According to TheHill.com, the Georgia Republican on February 25 said, “It is clearly a dereliction of duty and is a violation of his constitutional oath,” when asked to respond to President Barack Obama's new position on how to handle DOMA, a law whose repeal he favors.
The administration view was announced by Attorney General Eric Holder two days earlier, and was based on the Justice Department’s conclusion that classifications in law based on sexual orientation should be held to a heightened scrutiny standard of judicial review, under which, DOJ said, DOMA would be found unconstitutional.

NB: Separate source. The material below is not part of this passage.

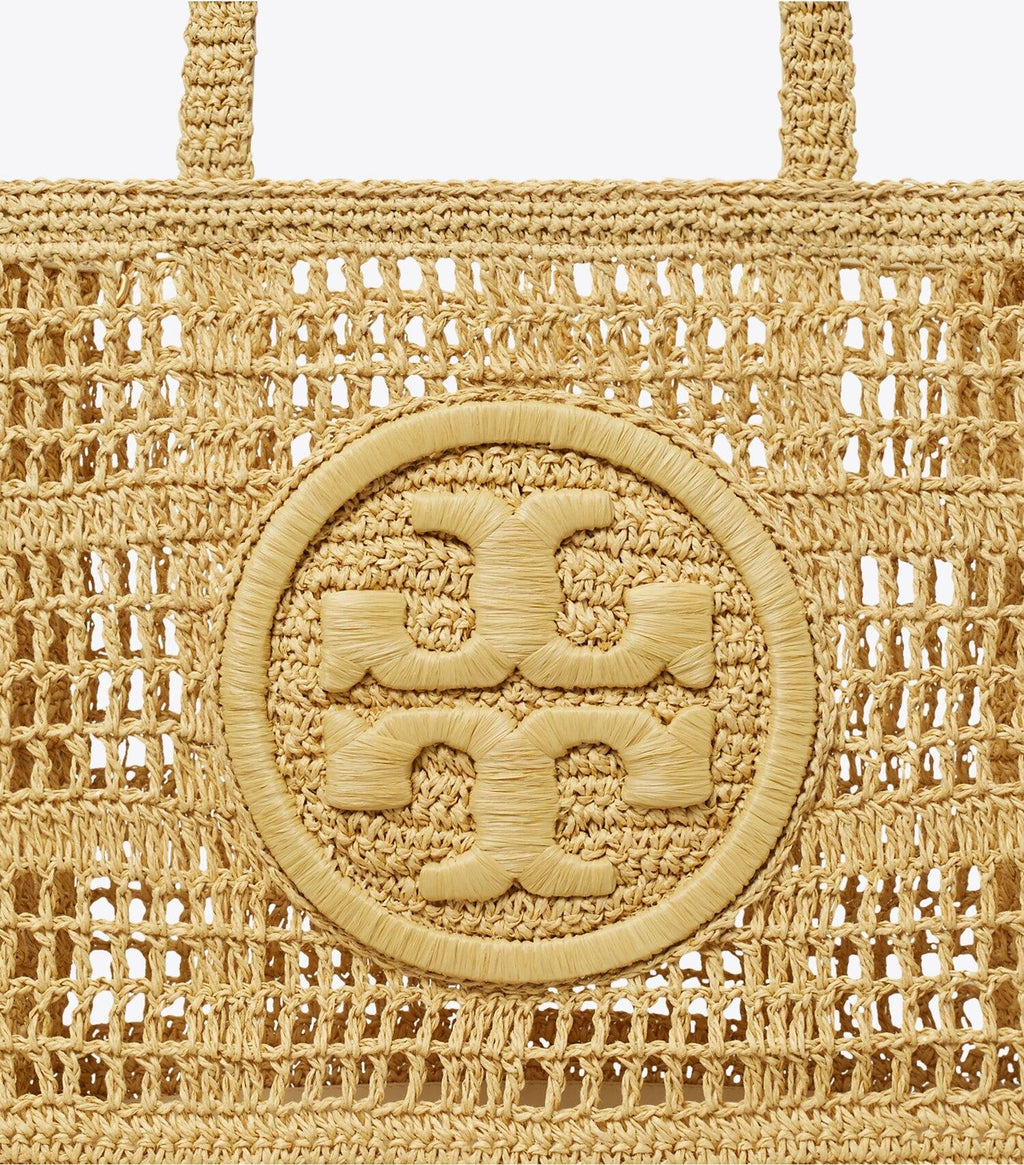Small Ella Hand-Crocheted Tote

Speculating on what the reaction would be if a President Sarah Palin decided not to defend judicial precedent in favor of a woman’s right to choose, Gingrich told Newsmax magazine, “Imagine that she had announced that Roe v. Wade in her judgment was unconstitutional and therefore the United States government would no longer protect anyone’s right to have an abortion because she personally had decided it should be changed. The news media would have gone crazy. The New York Times would have demanded her impeachment.”
Asked by the magazine whether the administration’s action warranted President Barack Obama’s impeachment, the former speaker, who oversaw the impeachment of the last Democratic president, responded, “I think that's something you get into much later.”
Pundits, including the New York Times, have noted in recent days the muted response of other leading Republicans. Palin, the Times pointed out, has so far been silent, as has former Massachusetts Governor Mitt Romney. A spokesperson for Indiana Governor Mitch Daniels said the Hoosier chief executive “has no plans” to comment, while former Minnesota Governor Tim Pawlenty said merely he was “disappointed.”
Social conservative Mike Huckabee, the former Arkansas governor, said the Obama administration’s response was “utterly inexplicable.”
While right-wing groups, especially those battling marriage equality, were predictably apoplectic about Holder’s announcement, the Times quoted Mark McKinnon, who worked with the 2004 Bush reelection campaign when it ginned up numerous state anti-gay marriage ballot measures to turn out conservative voters, saying, “The wedge has lost its edge.”